而且我和你说过,那些所谓的思想,即存世之道,农村的七旬老翁用乡间俚语说出来的三言两语,其涵盖、其深度,不逊其半分的。不说这些老者以人生来体味出的真知,就是国学的诸子百家,各方面都已至登峰造极,穷已一生也是难以全悉而知了。
国外的文学作品,我认为语感的生疏使我无法去领会作者的精妙之处,所以我现在是不大去看那些。
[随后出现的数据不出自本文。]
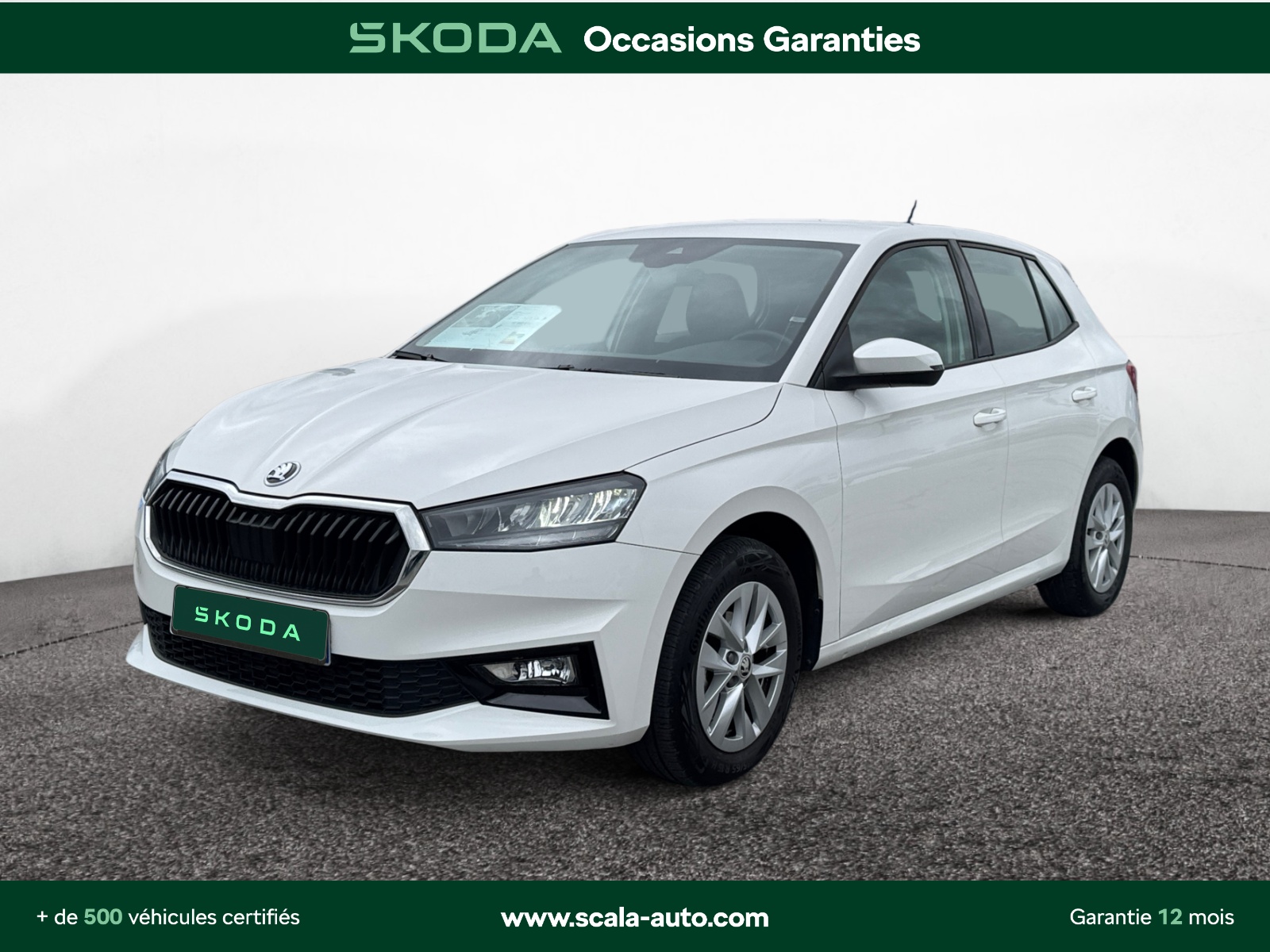 SKODA FABIA 34+AVANT+GAUCHE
关于国外的文学,我始终停留在初中时所看的那几十余部且尚不足一百的基础,而且当年年幼,加上翻译作品常有的生拗强扭,更是看时得不到阅读的快感。更别说因涉世不深,对一些少年时未经历的事物得不出应得的感悟的。
再加上你所常说的文学的人性,或是人性的文学。以及你与我尝言手法之创新,或是高一层的作法,在我看来,却是应和周栅寿老先生《人的文学》中所言,——“其实“太阳底下何尝有新的东西?”思想道理,只有是非,并无新旧。要说是新,也单是新发见的新,不是新发明的新。“新大陆”是在十五世纪中,被哥仑布发见,但这地面是古来早已存在。……真理的发见,也是如此。真理永远存在,并无时间的限制,只因我们自己愚昧,闻道太迟,离发见的时候尚近,所以称他新。……譬如现在说“人的文学”,这一句话,岂不也像时髦。却不知世上生了人,便同时生了人道。无奈世人无知,偏不肯体人类的意志,走这正路,却迷入兽道鬼道里去,旁皇了多年,才得出来。正如人在白昼时候,闭著眼乱闯,末后睁开眼睛,才晓得世上有这样好阳光;其实太阳照临,早已如此,已有了许多年代了。”
况且正如你常说的人性文学,按周老先生的说法,人性即“兽性与神性”,这是善恶同体的,而这人性之善恶者,正如若干年前那些高校高材生专此吵了好久,却也是无果而终,得个同“鸡生蛋,蛋生鸡”的残局而已。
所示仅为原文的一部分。